The beauty of being a freelancer is being able to work on multiple projects with multiple clients. The challenge of being a freelancer is, you guessed it, managing multiple projects and multiple clients.
Many freelancers start out hungry for clients, then risk taking on too many later in their careers when their work is more in demand. But having a wide range of clients is a good thing when you know how to find the right clients to work with. This freelance guide to multiple clients will cover the benefits and pitfalls of working with different companies, tools and tips to manage multiple projects, and strategies to help you grow.
Why should you have multiple clients?
It can be appealing to work with just one client at a time—and for some freelancers, that approach is perfectly fine. However, there are some major personal and financial benefits to expanding your clientele. Consider these perks as you consider the pros and cons of taking on more clients.
1) Work on different types of projects to expand your skills
If you’re anything like me, you probably get bored of having just one repetitive job. The wide variety of projects helps to ensure I’m continuously learning, and has often served as my foray into new projects that expanded my skillset. Rather than working on one project for one company, I’m exposed to a variety of different tasks, teams, and perspectives.
In my experience, even if you’re hired for the same job title, your role will look different from client to client.
For example, let’s say you’re hired as a marketing consultant for a startup and a medium-sized business. At the startup, you may be laying the groundwork: branding strategy, buyer persona creation, and website updates. At the medium-sized business, you might be focusing on more analysis and refinement: new market research, an SEO audit, and A/B testing your landing pages.
Having multiple clients allows for this type of diversity in your day-to-day work.
2) Context switch to boost productivity
Related to the point above, different clients and projects also mean different levels of strategy, mental gymnastics, and speed at which you can complete a task.
In school, I used to take breaks from big projects by switching to smaller, more manageable projects. This helped me avoid getting burnt out in one subject, while also knocking out another item on my homework list and feeling productive and accomplished.
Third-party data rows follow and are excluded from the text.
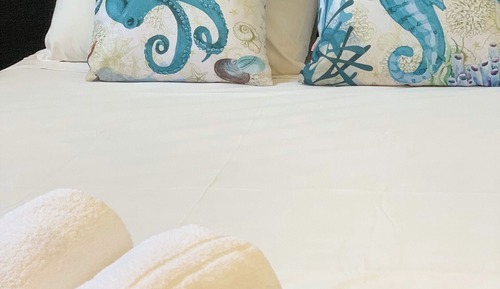 Basic Double Room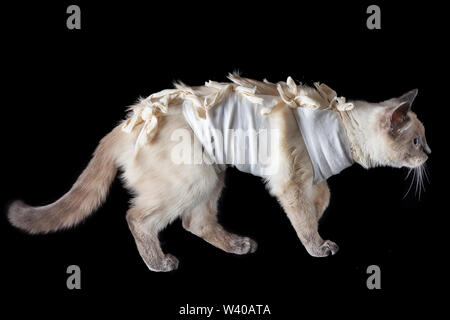 Thai cat dans un pansement postopératoire sur un fond noir. Banque D'Images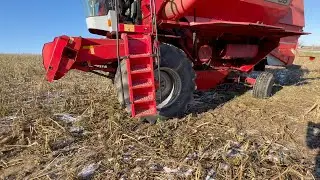 K&oslash;b Mejet&aelig;rsker med sk&aelig;rebord Massey Ferguson MF 36 p&aring; Klaravik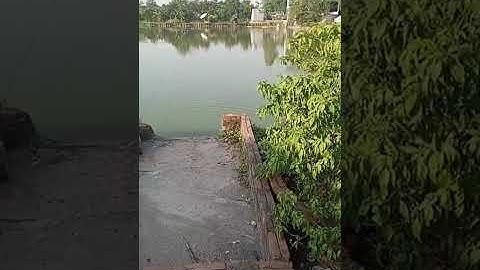 Vlogs 376 Báo cá - Hồ Câu DUY NGUYÊN 0383430084 Thôn Đoàn Kết, xã Đại Yên, huyện Chương Mỹ, Hà Nội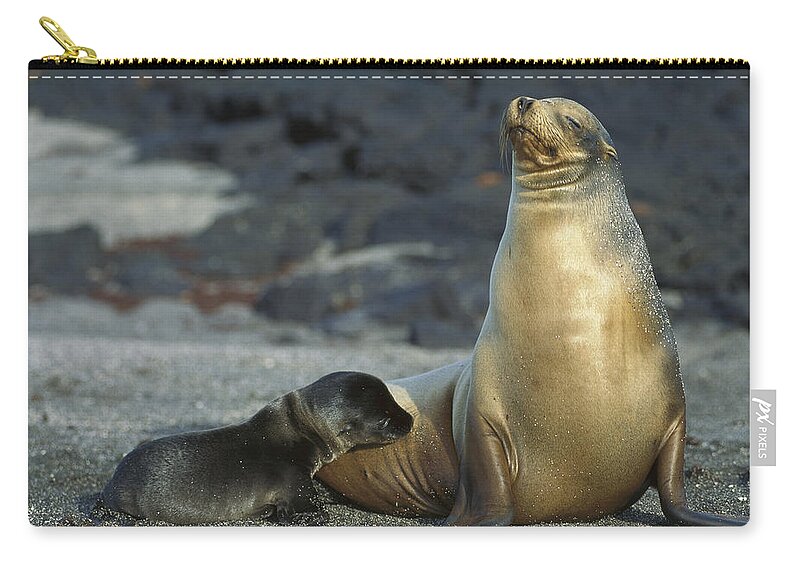 Feb0514 Zip Pouch featuring the photograph Galapagos Sea Lion Nursing Newborn by Tui De Roy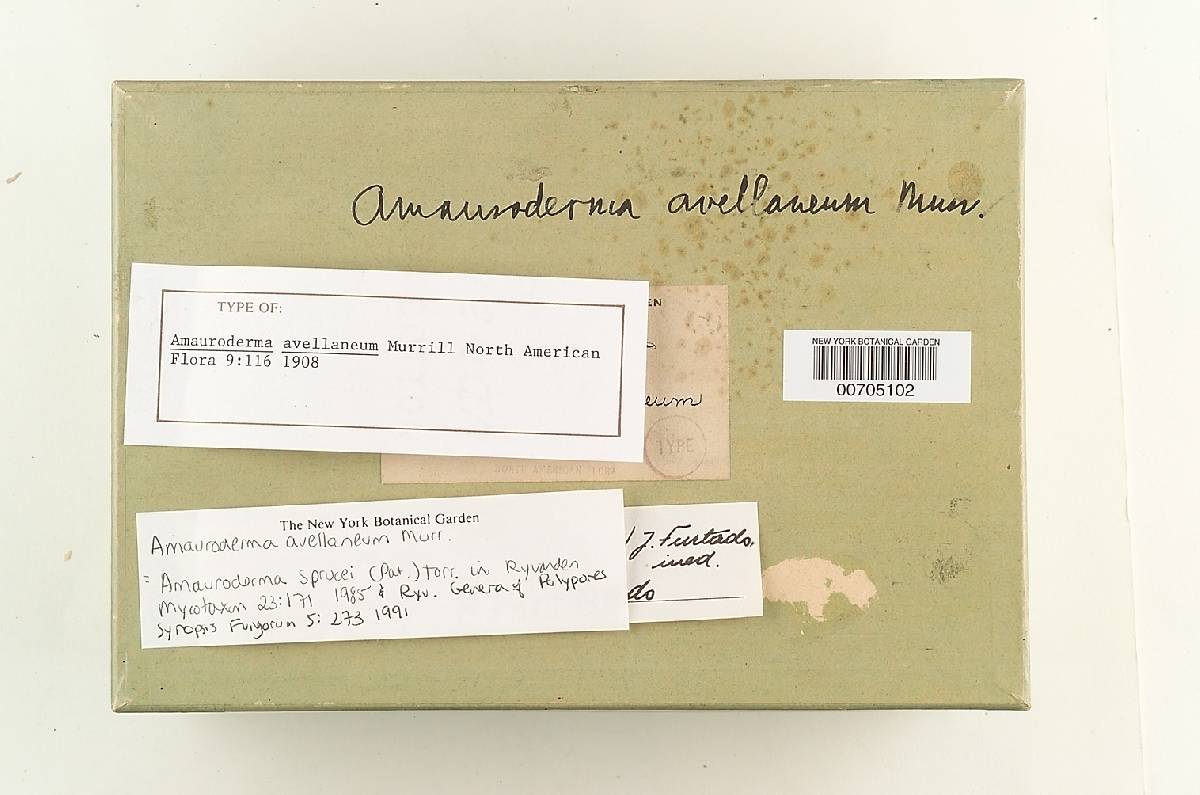 Amauroderma sprucei image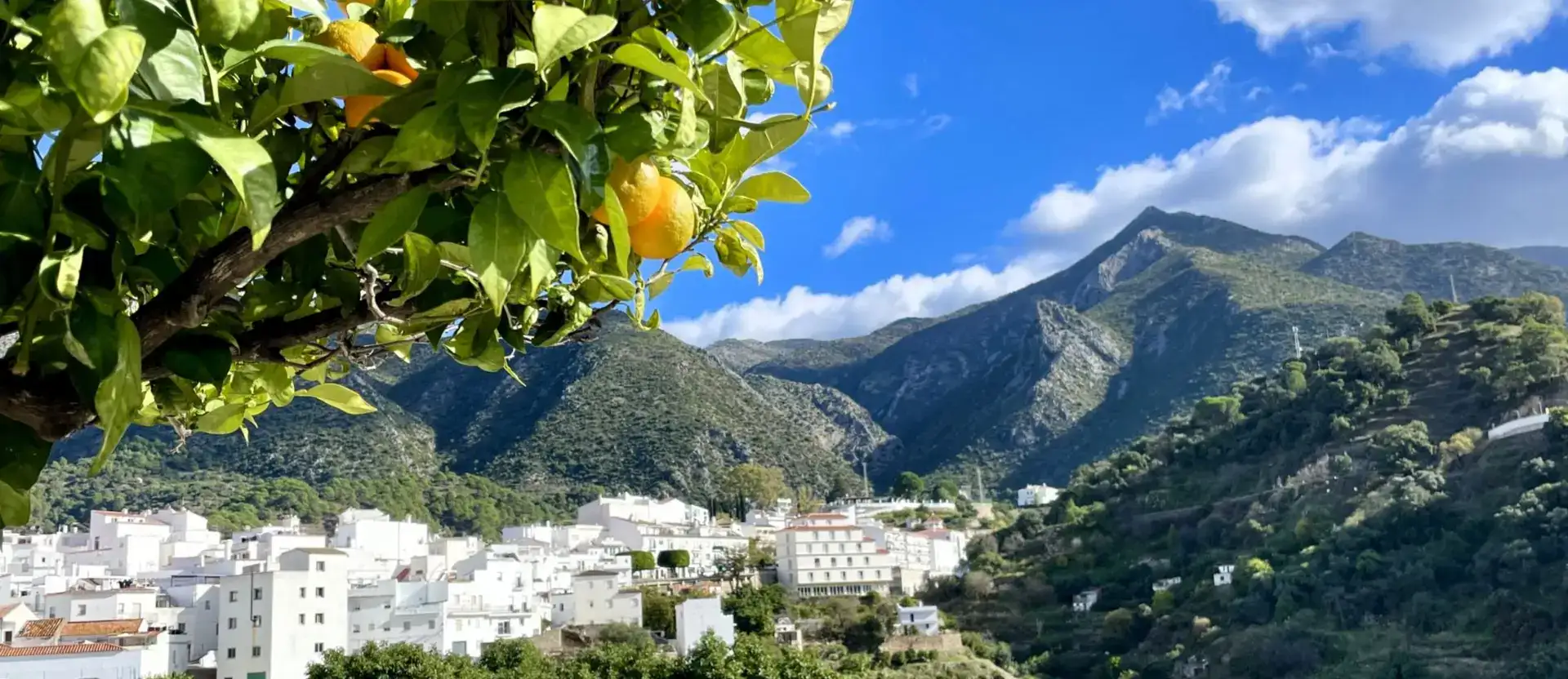 Ausflüge Costa del Sol Weiße Dörfer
I do the same thing when working with multiple clients. Context-switching between clients can stimulate great new ideas and provide a respite from intense projects when I’m feeling mentally drained. Sometimes it’s nice to take a break from an intense, high-strategy project to get a quick dopamine rush by writing an article on an industry I know like the back of my hand, and checking it off my to-do list.
3) Earn more money
To state the obvious, more clients means more opportunity to earn. Each client has their own unique needs and budget, and you’re more likely to keep your pipeline filled when you’ve got multiple accounts reaching out for help.
I’ve freelanced most of my career, but there was one point I focused heavily on one client, so most of my income came from them. When I switched back to “balanced” freelancing after this phase, I doubled my income within the next two months.
This is also a great way to prevent over-reliance on one client. As you’re probably all too aware, a freelancer’s income can fluctuate drastically from month to month. However, if you have multiple streams of income—especially ones that are tied to long-term contacts—you can better protect yourself from sudden dips in revenue.
4) Build a diverse and robust portfolio
Great work speaks for itself—and one of the fastest ways to build up your portfolio is by working on multiple projects. Whether this means taking on an array of short-term projects or a few key accounts, you get ample opportunity to add more achievements under your belt.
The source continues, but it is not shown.